Mercer AI
This is your AI metrics cheat sheet:
Precision: Out of all the items the model labeled as positive, how many truly are?
- Think of it as the model’s trustworthiness when it claims something is positive.
Recall (Sensitivity): Out of all actual positive items, how many did the model correctly identify?
- It’s about not missing out on true positives.
F1 Score: The balance between Precision and Recall.
- When you want a single metric that considers both false positives and false negatives.
AUC-ROC: The model’s ability to distinguish between classes.
- A score of 1.0 is perfect. Above 0.9 is excellent. Below 0.5 means the model is worse than random guessing.
Mean Absolute Error (MAE): The average difference between predicted and actual values.
- Lower is better. If MAE is zero, be cautious: it could indicate overfitting or other issues.
Root Mean Squared Error (RMSE): Like MAE, but punishes large errors more.
- Critical when significant mispredictions can have major consequences.
R-squared: How well the model’s predictions match the real data.
- Ranges from 0 to 1. Closer to 1 means the model explains more of the variability.
Silhouette Score: Measures how similar items are within a cluster compared to other clusters.
- Ranges from -1 to 1. Higher values indicate better-defined clusters.
Davies-Bouldin Index: Lower values indicate better partitioning of clusters.
- Zero is the theoretical ideal score.
Completeness: Percentage of non-missing data points.
- Aim for 100%, but be wary of artificially complete data.
Consistency: Ensuring data doesn’t contradict itself.
- Inconsistent data can lead to misleading model results.
Outlier Detection: Identify data points that deviate significantly.
- Outliers can skew model training.
Cross-Validation Score: A measure of a model’s performance on different subsets of data.
- Ensures the model isn’t just memorizing the training data.
Bias-Variance Tradeoff: Balance between the model’s adaptability and its ability to generalize to new data.
- Ideally a model that captures patterns without overfitting or being overly simplistic.
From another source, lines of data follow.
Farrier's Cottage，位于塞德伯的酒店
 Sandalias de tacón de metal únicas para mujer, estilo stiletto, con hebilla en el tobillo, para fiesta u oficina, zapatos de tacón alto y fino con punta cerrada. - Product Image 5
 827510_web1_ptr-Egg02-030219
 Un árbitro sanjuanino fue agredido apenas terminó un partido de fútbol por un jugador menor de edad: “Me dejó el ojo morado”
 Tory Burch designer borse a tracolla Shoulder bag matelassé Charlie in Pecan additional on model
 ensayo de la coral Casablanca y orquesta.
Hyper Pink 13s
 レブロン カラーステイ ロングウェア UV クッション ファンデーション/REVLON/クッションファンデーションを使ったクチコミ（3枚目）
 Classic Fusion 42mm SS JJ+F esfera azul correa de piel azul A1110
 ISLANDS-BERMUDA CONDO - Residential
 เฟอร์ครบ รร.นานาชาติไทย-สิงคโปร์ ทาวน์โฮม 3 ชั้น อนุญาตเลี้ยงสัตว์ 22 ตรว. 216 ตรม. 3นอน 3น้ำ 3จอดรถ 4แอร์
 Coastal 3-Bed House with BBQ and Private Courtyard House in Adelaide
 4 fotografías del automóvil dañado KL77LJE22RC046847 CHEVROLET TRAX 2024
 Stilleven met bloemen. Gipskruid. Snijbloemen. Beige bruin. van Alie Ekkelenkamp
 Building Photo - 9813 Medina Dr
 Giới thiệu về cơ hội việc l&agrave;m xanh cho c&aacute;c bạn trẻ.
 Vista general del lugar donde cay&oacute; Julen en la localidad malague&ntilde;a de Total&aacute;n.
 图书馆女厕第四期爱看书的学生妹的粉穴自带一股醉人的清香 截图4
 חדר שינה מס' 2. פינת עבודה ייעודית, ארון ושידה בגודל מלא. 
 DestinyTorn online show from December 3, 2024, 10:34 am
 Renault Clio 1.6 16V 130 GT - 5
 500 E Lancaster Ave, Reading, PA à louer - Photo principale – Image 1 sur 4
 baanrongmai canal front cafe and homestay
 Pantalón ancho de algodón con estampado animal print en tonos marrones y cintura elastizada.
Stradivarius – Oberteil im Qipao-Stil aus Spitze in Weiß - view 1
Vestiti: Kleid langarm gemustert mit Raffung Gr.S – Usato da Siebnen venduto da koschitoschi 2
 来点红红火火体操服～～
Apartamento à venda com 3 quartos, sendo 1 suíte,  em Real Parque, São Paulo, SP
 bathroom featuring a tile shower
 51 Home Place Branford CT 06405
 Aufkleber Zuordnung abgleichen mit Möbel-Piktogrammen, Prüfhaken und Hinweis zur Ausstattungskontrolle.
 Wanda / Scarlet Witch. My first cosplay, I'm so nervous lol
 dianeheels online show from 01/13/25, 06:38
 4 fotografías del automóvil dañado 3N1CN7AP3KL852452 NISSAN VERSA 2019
Feature Importance: Identifies the input variables that have the most influence on the model’s predictions.
- Understanding what the model deems important.
SHAP Values: Breaks down the contribution of each feature to specific model predictions.
- Clarifies the reasoning behind individual predictions.
Training vs. Validation Error: A low training error coupled with a high validation error suggests potential overfitting.
Overfitting: Model performs well on training data but poorly on new data.
Underfitting: Model performs poorly on both training and new data.
This guide serves as a simple starting point for how to measure the effectiveness of different models!